Learning to put my face in the water
The first major influence on my swimming was my running buddy, Irene. She is a natural coach who is very reassuring… and the patience she developed helping to teach young children to ski must have come in handy when she was helping me. Before I spent an hour in the pool with Irene, I hadn’t put my face in the water. Well, I tried but had to come out immediately as I was convinced that I was going to drown. Irene reassured me and within the hour, I was able to do some strokes with my face in the water. Less than 8 weeks later, I was happy enough to swim underwater, although nearly a year later I still couldn’t breathe properly. I’m not saying I couldn’t breathe bilaterally, I’m saying that I couldn’t breathe and swim. It was an either-or situation, so I had to learn quickly!
On my birthday in February 2013, I started having swimming lessons at Southampton University pool. The two instructors (Chris and Anita) were brilliant, so I feel that I made a lot of progress, but in 2014, I decided to transfer my allegiance to Southampton Tri Club.
Open water swimming
I started open water swimming in May 2013 and found that I really enjoyed it as it’s much more peaceful than being in an indoor pool. It’s also easier to keep swimming when you don’t have to turn around, and it’s simple for other people to go past if they want to.

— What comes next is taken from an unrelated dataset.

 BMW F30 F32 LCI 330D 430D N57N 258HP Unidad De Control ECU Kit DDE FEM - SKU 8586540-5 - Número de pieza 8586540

My first open water swimming event was Fowey Harbour Swim, which was fantastic… except for the jellyfish! In July 2014, I entered the Big Cove Swim, which was 1.5 miles long. It was a nerve-wracking event and I was very slow, but I was delighted when I finished as I knew that I would be capable of doing a half iron distance swim (1.9k/1.2 miles).

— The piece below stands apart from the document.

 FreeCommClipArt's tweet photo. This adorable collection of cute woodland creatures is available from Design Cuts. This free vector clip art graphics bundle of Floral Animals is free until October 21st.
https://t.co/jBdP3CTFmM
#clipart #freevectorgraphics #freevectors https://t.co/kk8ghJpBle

After I completed Weymouth Half, with its turbulent swim, I started to feel that my swimming was improving.
I decided that 2015 would be the year that I focused on swimming. In May I did a 3km swim at Eton Dorney. It was very slow, but it was my longest ever swim. Then in July, I did my first ever 5km swim in a lake followed by the St Michael’s Mount swim the next day.
In September 2015, I completed the Scilly Swim Challenge – an incredibly tough series of sea swims, totalling between 15 and 17.5km. I’m still not a strong swimmer and I’m not quick, but I finally feel confident that I can do an iron-distance swim within the time allowance and without fatiguing myself too much. I didn’t swim as much as I had hoped to in 2016. The longest swim I did was the Wales Swim (1.9km) as part of the Long Course Weekend.
My big swimming challenge for 2017 was completing 5000m in the pool as an ambassador for Swimathon.